I’ve always had trouble with the poachers wanting to be in charge of the gamekeepers. We see it all the time: developers wanting to control the code repository, the PMO wanting to decide what goes in the release. But my favorite is the application delivery team wanting to own release management. It’s not right and it needs to stop.
Now I know you’re thinking: I’m all good because we made it part of the service delivery team a decade ago. Well you got it wrong too.
OK: so if release management doesn’t report to apps and it doesn’t report to ops: who does it report to? Answer: the CIO, or at least it should in my view.
But before we can get there we need to rethink the purpose of release management. For many organizations release management has become a board level discussion. The business has time-to-market imperatives that IT is just not satisfying. Application delivery want to implement more agile ways of working but the too infrequent release windows stymie their ability to get perfectly good code out. And the data center is drowning not just in software changes but in hardware and infrastructure changes and they need to stem the flow so they can take a breath and understand the impact of all this change.

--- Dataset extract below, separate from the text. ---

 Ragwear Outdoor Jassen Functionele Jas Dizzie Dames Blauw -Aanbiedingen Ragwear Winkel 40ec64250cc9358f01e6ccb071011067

But we have to accept that change is going to happen. It is going to be more complex, contain more risk and the cadence of release is just going to continue to increase in tempo. I have a customer who releases 4 times a day and I read that Facebook releases 3 times an hour. So having four release windows a year might have been acceptable last century but it isn’t any more.
What is it that the operations teams need that they are not getting and what is it that the application delivery teams are doing such that it overloads the system?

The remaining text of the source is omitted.